Purchasing Used Vehicles at U.S. Online Car Auctions
Thanks to online used car auctions, consumers and importer / exporters are now able to gain access to the many used car auctions that take place across the United States each and every day. Because of this, these individuals are able to reap incredible savings, sometimes as high as 80%, on used and salvage U.S. vehicles.
The best part about online used car auctions, though, is the convenience. You can literally get started in minutes. One needs only to setup an account and then make an initial deposit. Your deposit will establish your bidding power, with its size typically corresponding to 10% of your total maximum bid. For example, were you to make an initial deposit of $1,000, you would then be able to bid up to a maximum amount of $10,000.
After your account is setup and your deposit made, you can then begin the process of browsing the extensive databases of U.S. used car auctions. You won’t be alone, though, as an auction agent or broker will be assigned to you. He or she can assist you throughout the entire process and can even connect you with used car auctions that cannot by publically displayed online through the website’s database!
Needless to say, if you’re looking to find the right car at the right price, online used car auctions are the way to go!
Shipping a Used or Salvage U.S. Car to Switzerland
As a major trading partner of the United States and the rest of Europe, you should have relative ease in finding shipping options to Switzerland. However, you must remember that Switzerland is a landlocked nation, and therefore there is limited availability when it comes to cargo shipping. Because of this, you can expect more expensive shipping rates to Switzerland than you might to other neighboring countries.
When shipping a used or salvage vehicle to Switzerland, you will have three major options. First, you can opt for air shipping, something that offers the greatest convenience. However, air shipping is quite expensive, and might be prohibitively so for most used and salvage U.S. vehicles. Second, you can opt for traditional container shipping. Third, you can opt for something known as RORO shipping.
RORO shipping, if you are not aware, stands for “roll-on roll-off”. With this method, your used vehicle will simply be rolled onto the ship at its departure port and then rolled off at its arrival port.
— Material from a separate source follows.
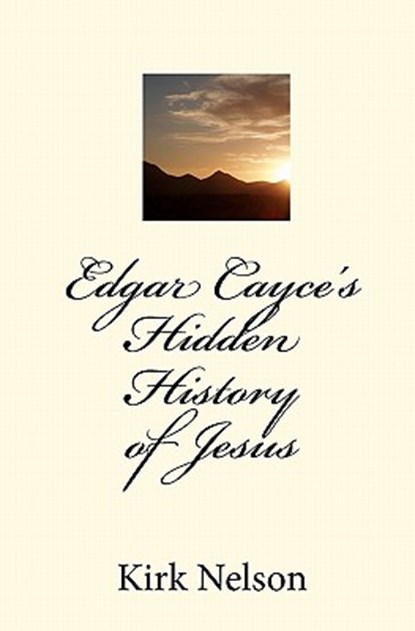 Edgar Cayce's Hidden History of Jesus, Kirk Nelson - Paperback - 9781453729038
The advantage here is cheapness and convenience. However, the drawback is that your vehicle could become damaged while in transit.
When opting for sea-based shipping, there is one arrival port in Switzerland. This is the Port of Switzerland, which is based along the Rhine. Nearly 10% of all cargo shipped to and exported from the country passes through this port, so it is quite busy. If you’d like to learn more about the port, you can consult its official website here.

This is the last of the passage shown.